Brutus argues that a free republic cannot exist in such a large territory as the United States. He uses the examples of the Greek and Roman republics that became tyrannical as their territory grew.[3] He states that a true free republic comes from the people, not representatives of the people. With the population and geographical size of the United States, he warns that citizens “will have very little acquaintance with those who may be chosen to represent them; a great part of them will, probably, not know the characters of their own members, much less that of a majority of those who will compose the federal assembly; they will consist of men, whose names they have never heard, and whose talents and regard for the public good, they are total strangers to.”[7] He also sees danger in giving Congress the power to modify the election of its own members.
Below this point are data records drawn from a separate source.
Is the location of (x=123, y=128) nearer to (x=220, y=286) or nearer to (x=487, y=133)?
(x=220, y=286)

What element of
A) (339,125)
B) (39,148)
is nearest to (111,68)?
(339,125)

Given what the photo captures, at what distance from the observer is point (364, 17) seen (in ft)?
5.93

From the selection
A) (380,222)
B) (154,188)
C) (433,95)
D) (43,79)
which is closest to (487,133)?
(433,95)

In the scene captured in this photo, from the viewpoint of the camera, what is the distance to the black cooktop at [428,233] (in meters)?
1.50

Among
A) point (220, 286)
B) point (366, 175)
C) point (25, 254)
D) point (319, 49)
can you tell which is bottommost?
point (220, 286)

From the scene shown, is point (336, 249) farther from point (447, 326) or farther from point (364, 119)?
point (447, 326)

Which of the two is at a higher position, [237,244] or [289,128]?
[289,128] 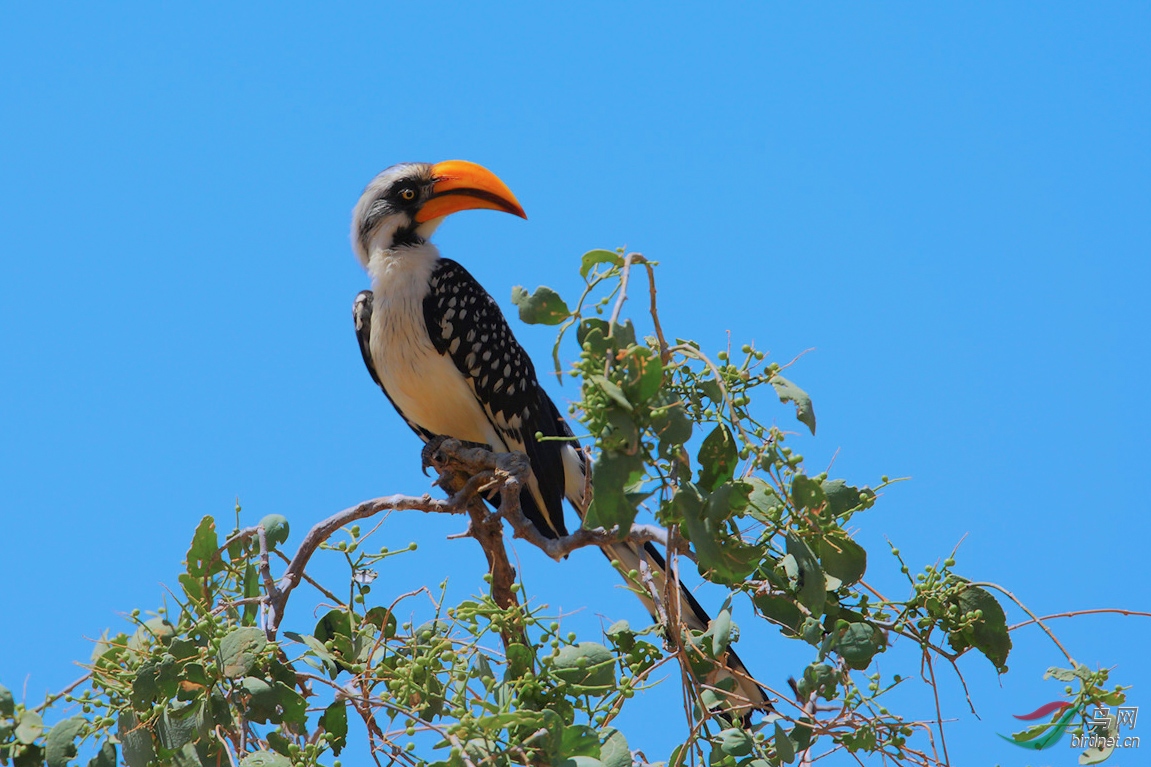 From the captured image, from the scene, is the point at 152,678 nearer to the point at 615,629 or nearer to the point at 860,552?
the point at 615,629

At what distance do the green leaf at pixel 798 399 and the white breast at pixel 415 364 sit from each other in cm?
252

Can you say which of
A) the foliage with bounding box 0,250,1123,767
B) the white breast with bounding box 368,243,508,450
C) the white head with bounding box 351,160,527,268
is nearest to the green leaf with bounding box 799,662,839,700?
the foliage with bounding box 0,250,1123,767

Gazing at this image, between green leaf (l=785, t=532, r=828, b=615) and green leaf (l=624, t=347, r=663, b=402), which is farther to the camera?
green leaf (l=785, t=532, r=828, b=615)

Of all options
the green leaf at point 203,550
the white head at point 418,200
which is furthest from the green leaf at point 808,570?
the white head at point 418,200

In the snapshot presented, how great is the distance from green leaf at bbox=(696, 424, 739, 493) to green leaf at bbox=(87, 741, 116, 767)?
153 cm

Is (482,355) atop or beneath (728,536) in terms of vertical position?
atop

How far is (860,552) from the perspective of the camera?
83.4 inches

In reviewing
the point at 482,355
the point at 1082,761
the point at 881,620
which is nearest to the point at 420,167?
the point at 482,355

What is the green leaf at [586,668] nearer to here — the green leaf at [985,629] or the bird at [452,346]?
the green leaf at [985,629]

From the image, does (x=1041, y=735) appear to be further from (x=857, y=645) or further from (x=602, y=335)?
(x=602, y=335)

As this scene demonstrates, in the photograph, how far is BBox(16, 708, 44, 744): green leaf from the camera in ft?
7.77

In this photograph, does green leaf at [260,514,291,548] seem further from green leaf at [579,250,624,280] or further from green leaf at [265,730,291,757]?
green leaf at [579,250,624,280]

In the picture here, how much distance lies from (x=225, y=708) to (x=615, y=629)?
89 centimetres

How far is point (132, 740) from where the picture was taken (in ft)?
7.27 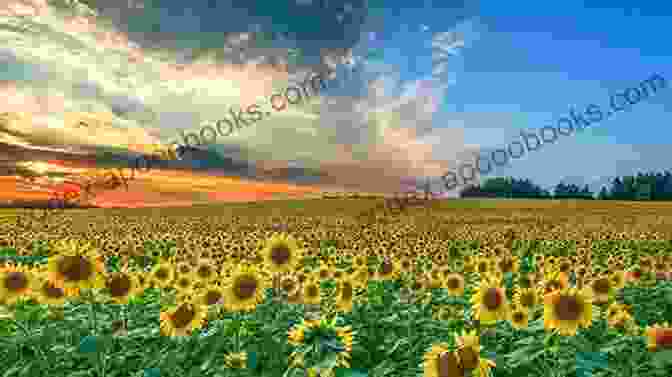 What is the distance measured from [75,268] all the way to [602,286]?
6840 millimetres

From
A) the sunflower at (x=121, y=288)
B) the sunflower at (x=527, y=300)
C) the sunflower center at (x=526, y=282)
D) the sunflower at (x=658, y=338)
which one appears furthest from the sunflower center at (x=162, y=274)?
the sunflower at (x=658, y=338)

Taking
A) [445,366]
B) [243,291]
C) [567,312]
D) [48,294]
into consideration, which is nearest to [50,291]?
[48,294]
Brutus also questions the validity of the Three Fifths Compromise and asks ““If [slaves] have no share in government. why is the number of members in the assembly, to be increased on their account?”[8] He sees this as one example of the corruption of the branch. The fact that each state, regardless of size, will have the same number of senators "is the only feature of any importance in the constitution of a confederated government" and is one of the few aspects of the legislature that Brutus approves of (16). He disagrees with the method of electing senators as well as the six year term they are given as he believes spending that much time away from his constituents will make him less in touch with their interests (16). He advocates for a rotation in government to avoid the problem of men serving in the Senate for life. He also objects to Congress taking part in appointing officers and impeachment as it gives them both executive and judicial powers and he deems such blurring of the branches as dangerous (16).


Judiciary branch

Brutus argues that the power given to the judiciary will:

  • Extend legislative authority
  • Increase jurisdiction of the courts
  • Diminish and destroy both the legislative and judiciary powers of the states.[9]

He believes that their ability to declare what the powers of the legislature are will lead to extension of legislative power, especially because the Supreme Court can interpret the Constitution according to its "spirit and reason" and will not be bound by its words alone.[9] Like in Britain, this will allow them to "mold the government into almost any shape they please." [10] Also, their ability to deem the validity of state legislation overrides the state judiciaries and will eventually make them so "trifling and unimportant, as not to be worth having.” [9] He also thinks there should be more checks on the branch and judges should not only be removed on the basis of crime. He writes "no way is left to control them but with a high hand and an outstretched arm.” [11]

Notes

  1. Klein, Milton. "Nature’s Gift; The Colonial Origins of the Bill of Rights in New York" in The Bill of Rights and the states: the colonial and revolutionary origins of American liberties, p. 222 (1992). His uncle Abraham Yates, Jr. was the only other leading antifederalist who spoke out publicly for individual liberties.